* [Task]: Every line in the entries that holds "Used" should be identified and copied.

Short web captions
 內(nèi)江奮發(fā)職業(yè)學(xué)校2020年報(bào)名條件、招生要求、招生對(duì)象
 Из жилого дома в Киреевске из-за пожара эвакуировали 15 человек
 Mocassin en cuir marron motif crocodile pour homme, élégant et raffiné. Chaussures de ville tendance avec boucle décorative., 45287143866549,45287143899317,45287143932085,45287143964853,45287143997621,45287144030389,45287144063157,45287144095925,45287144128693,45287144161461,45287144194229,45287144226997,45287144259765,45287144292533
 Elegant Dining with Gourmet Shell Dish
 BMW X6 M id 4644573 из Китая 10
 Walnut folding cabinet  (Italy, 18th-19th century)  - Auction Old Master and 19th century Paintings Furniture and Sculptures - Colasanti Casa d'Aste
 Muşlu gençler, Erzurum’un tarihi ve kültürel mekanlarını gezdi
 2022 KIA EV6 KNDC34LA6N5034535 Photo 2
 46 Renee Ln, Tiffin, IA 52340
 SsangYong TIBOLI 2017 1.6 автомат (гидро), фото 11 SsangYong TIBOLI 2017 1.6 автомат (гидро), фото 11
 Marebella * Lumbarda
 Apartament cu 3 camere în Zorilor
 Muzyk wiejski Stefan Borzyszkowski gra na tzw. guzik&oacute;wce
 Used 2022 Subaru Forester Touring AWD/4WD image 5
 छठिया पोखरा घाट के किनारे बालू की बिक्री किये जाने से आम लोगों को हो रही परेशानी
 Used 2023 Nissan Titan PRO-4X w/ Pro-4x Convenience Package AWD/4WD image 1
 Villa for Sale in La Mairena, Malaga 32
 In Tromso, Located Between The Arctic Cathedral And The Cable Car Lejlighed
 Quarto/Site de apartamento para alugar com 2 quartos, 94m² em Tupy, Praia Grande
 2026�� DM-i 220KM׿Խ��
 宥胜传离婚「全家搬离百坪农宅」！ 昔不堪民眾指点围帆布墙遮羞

* [Result of the exercise]:
 Used 2022 Subaru Forester Touring AWD/4WD image 5
 Used 2023 Nissan Titan PRO-4X w/ Pro-4x Convenience Package AWD/4WD image 1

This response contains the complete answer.